Experiments and Observations in a Heated Room (1774)

In 1774 and 1775 the British physician and scientist Charles Blagden conducted a series of experiments concerned with exploring the effects on the human body of extremely high temperatures, "air heated to a much higher degree than it was formerly thought any living creature could bear". In what equated to something akin to a "super-sauna", Blagden and his co-experimenters (including a dog) subjected themselves to enormously hot temperatures. Beginning at a modest 100 degrees Fahrenheit (38 degrees Celsius), by the 1775 session they progressed to temperatures upward of a whopping 260 degrees Fahrenheit (127 degrees Celsius). Not surprisingly the air was at times quite literally scorching, and a full cladding of clothing was mostly worn to protect their skin, though Blagden did experiment one time being in the room naked from the waist up with only a suspended cloth protecting him from the rays of the hot irons.
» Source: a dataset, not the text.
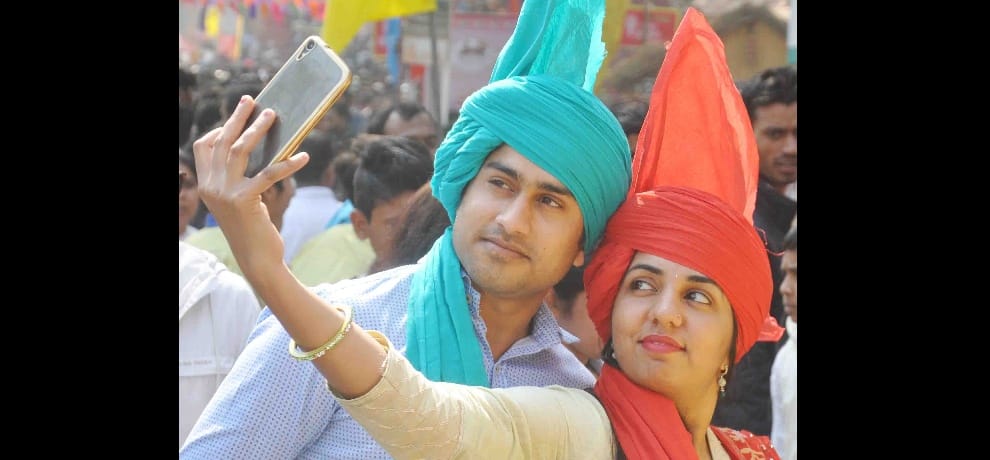 Valentine's Day: Love the show painted Surajkund Mela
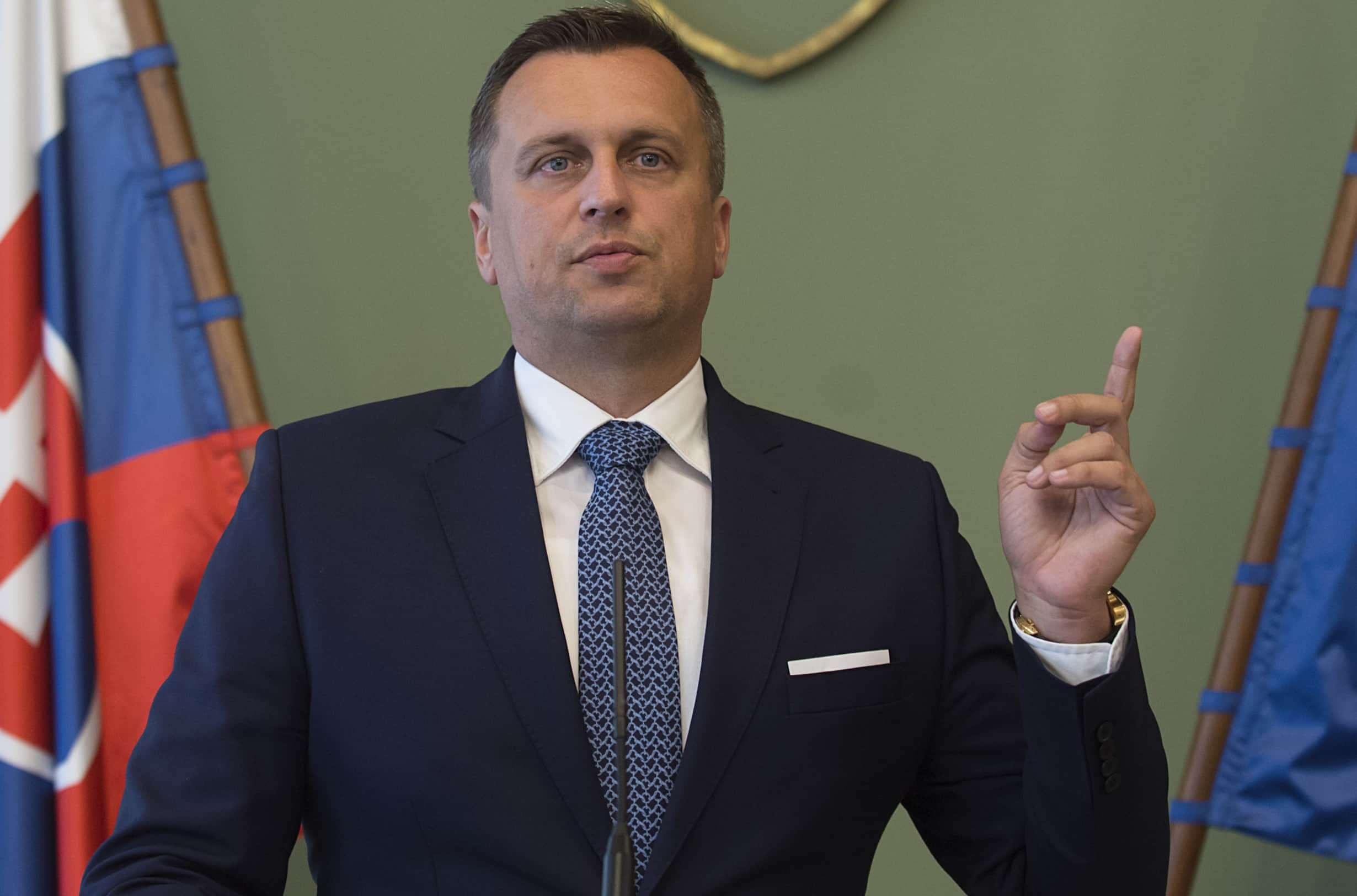 Соратники Фіцо хочуть офіційно вимагати від України компенсації за допомогу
Among his many observations, in his latter 1775 report to the Royal Society, Blagden became the first to explicitly recognise the role of perspiration in thermoregulation, seeing that the body temperatures of both the heat-subjected humans and heat-subjected dog were significantly lower than the air they were exposed to. The dog endured a temperature of 236 degrees Fahrenheit (113 degrees Celsius) for a full hour, with seemingly little distress, and recording a body temperature of only 110 Fahrenheit (43 degrees Celsius) - higher than a dog's normal body temperature, but significantly cooler than the room. In reality the dog's temperature was probably lower by a few degrees, as Blagden acknowledged he had a bit of trouble taking the measurement. In any case, such a difference in body and room temperature was an important one. Fearing the reliability of his thermometers, Blagden thought up a control for this thermo-regulating tendency of living bodies which he'd observed - a fat juicy steak. As he explained in his Royal Society report:

To prove that there was no fallacy in the degree of heat shewn by the thermometer, but that the air which we breathed was capable of producing all the well-known effects of such an heat on inanimate matter, we put some eggs and a beef-steak upon a tin frame, placed near the standard thermometer, and farther distant from the cockle than from the wall of the room. In about twenty minutes the eggs were taken out, roasted quite hard; and in forty-seven minutes the steak was not only dressed, but almost dry. Another beef-steak was rather overdone in thirty-three minutes. In the evening, when the heat was still greater, we laid a third beef-steak in the same place : and as it had now been observed, that the effect of the heated air was much increased by putting it in motion, we blew upon the steak with a pair of bellows, which produced a visible change on its surface, and seemed to hasten the dressing; the greatest part of it was found pretty well done in thirteen minutes.